* EXERCISE PROMPT: As written and without pictures, set down the lines from the one that contains "AK license plate GCS062" through the end of the data.

* RECORDS SHOWN:
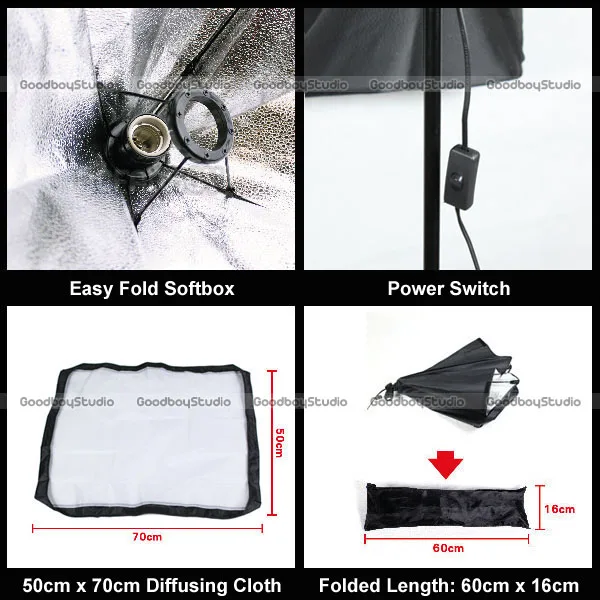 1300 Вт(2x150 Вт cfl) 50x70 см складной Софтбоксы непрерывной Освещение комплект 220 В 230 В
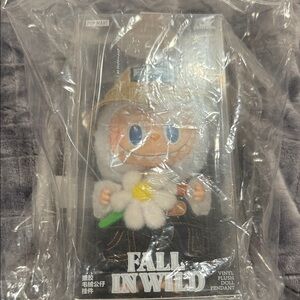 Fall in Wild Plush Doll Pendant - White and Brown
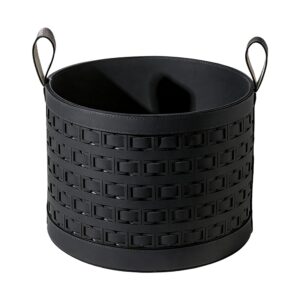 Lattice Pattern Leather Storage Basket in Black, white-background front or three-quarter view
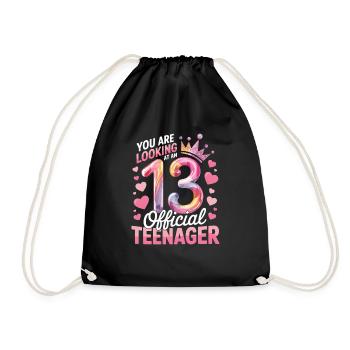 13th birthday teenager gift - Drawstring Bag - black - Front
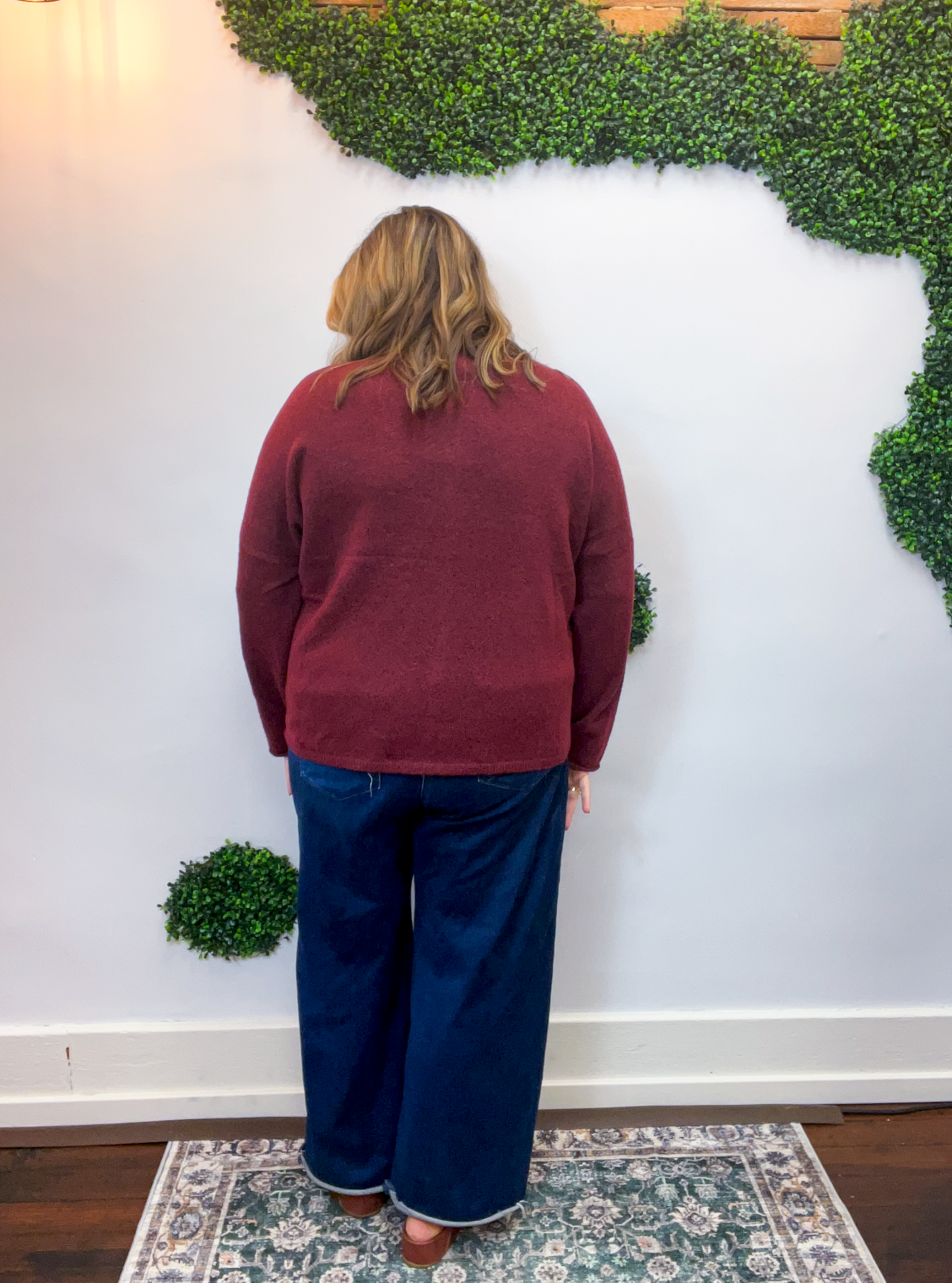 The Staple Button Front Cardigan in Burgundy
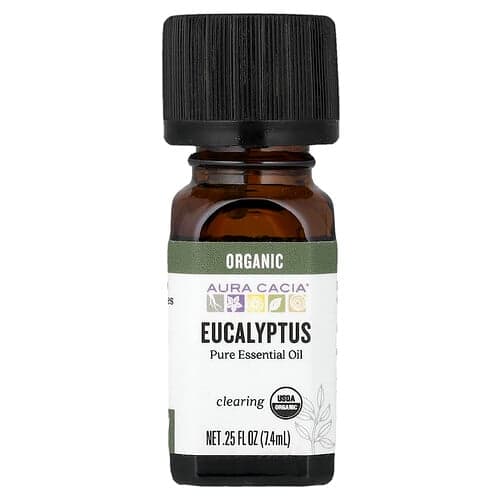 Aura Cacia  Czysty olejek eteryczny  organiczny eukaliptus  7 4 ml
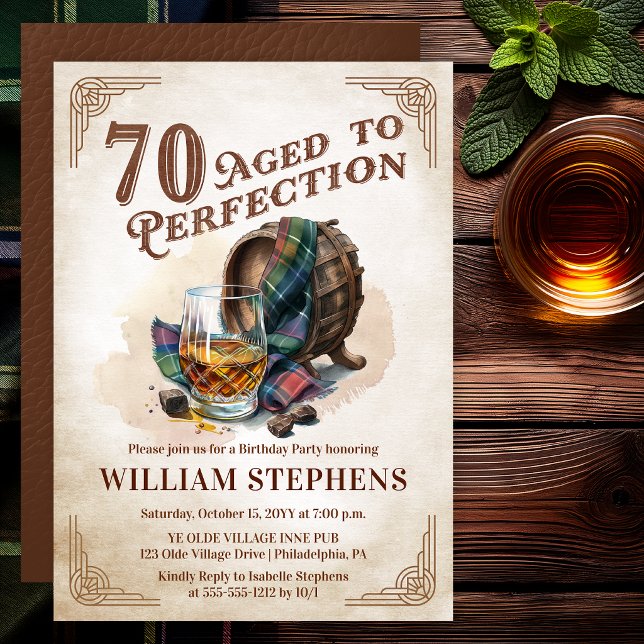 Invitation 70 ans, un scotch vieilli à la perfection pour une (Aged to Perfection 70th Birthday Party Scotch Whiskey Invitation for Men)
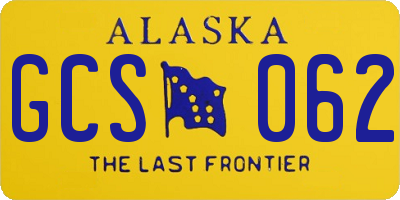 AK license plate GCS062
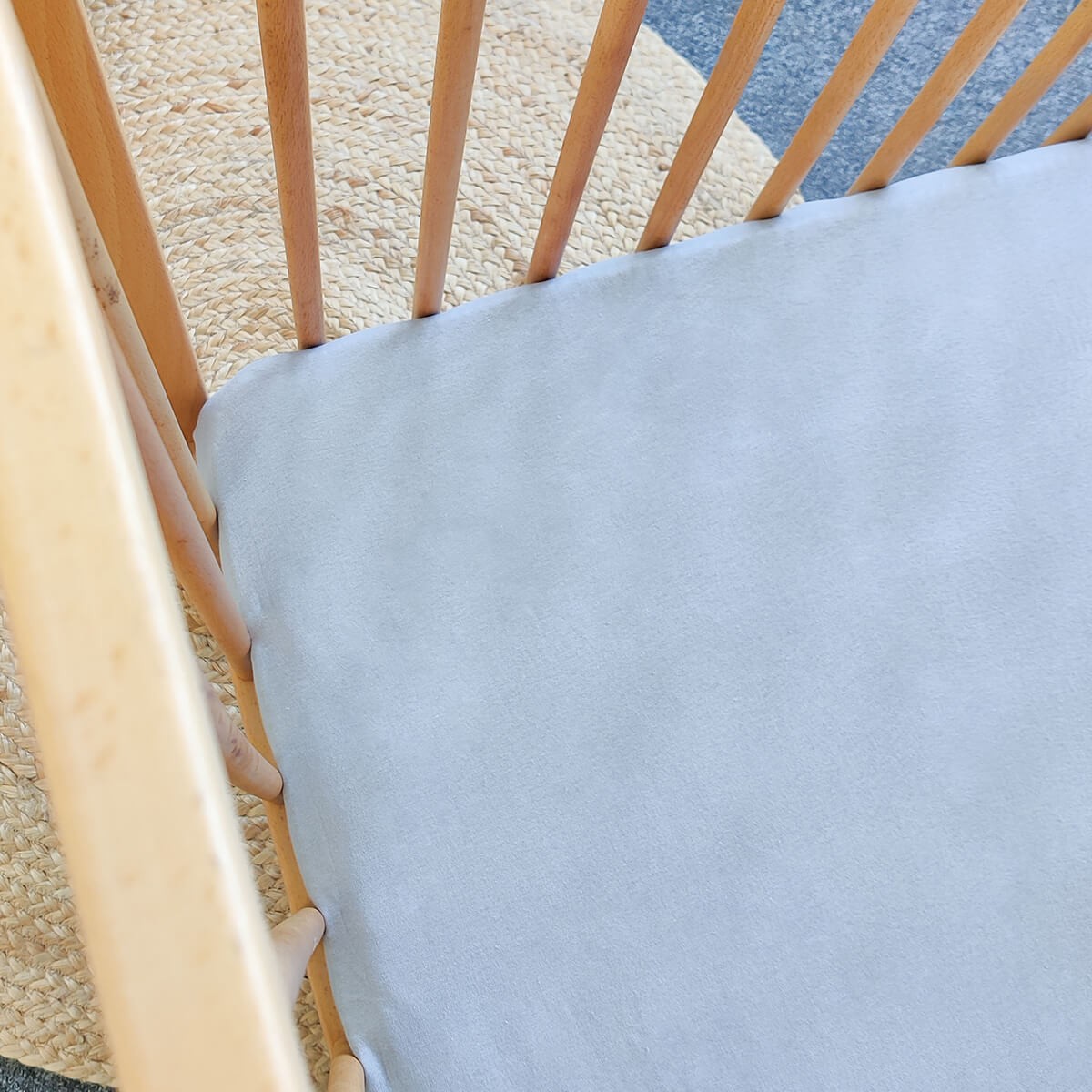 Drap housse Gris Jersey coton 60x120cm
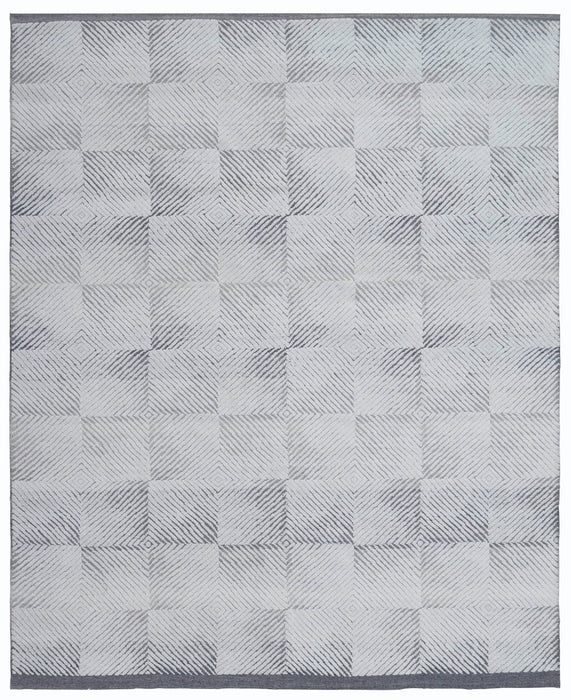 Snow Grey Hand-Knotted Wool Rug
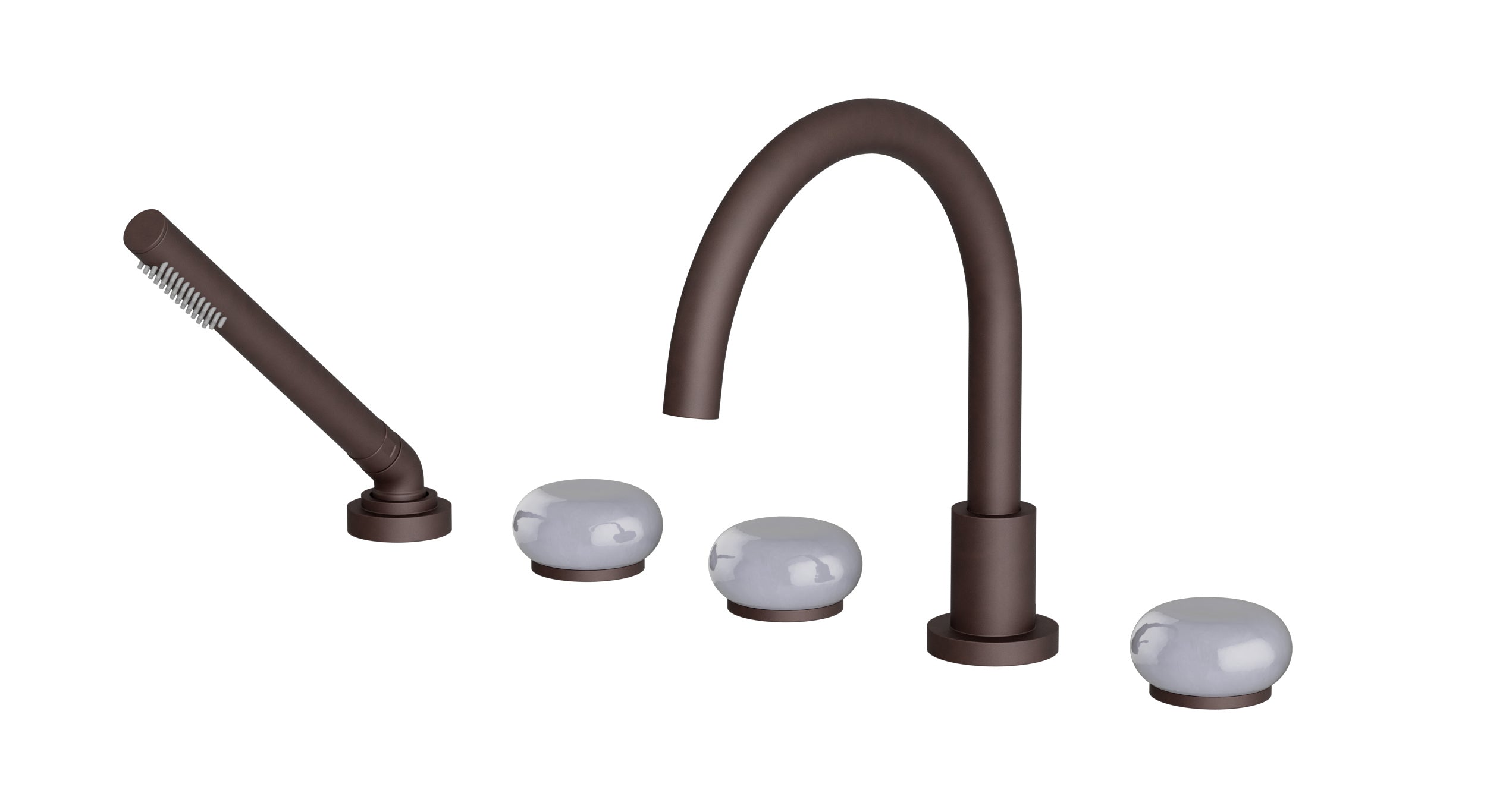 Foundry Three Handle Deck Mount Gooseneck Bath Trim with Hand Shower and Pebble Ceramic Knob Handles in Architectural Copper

* WRITTEN ANSWER:
 AK license plate GCS062
 Drap housse Gris Jersey coton 60x120cm
 Snow Grey Hand-Knotted Wool Rug
 Foundry Three Handle Deck Mount Gooseneck Bath Trim with Hand Shower and Pebble Ceramic Knob Handles in Architectural Copper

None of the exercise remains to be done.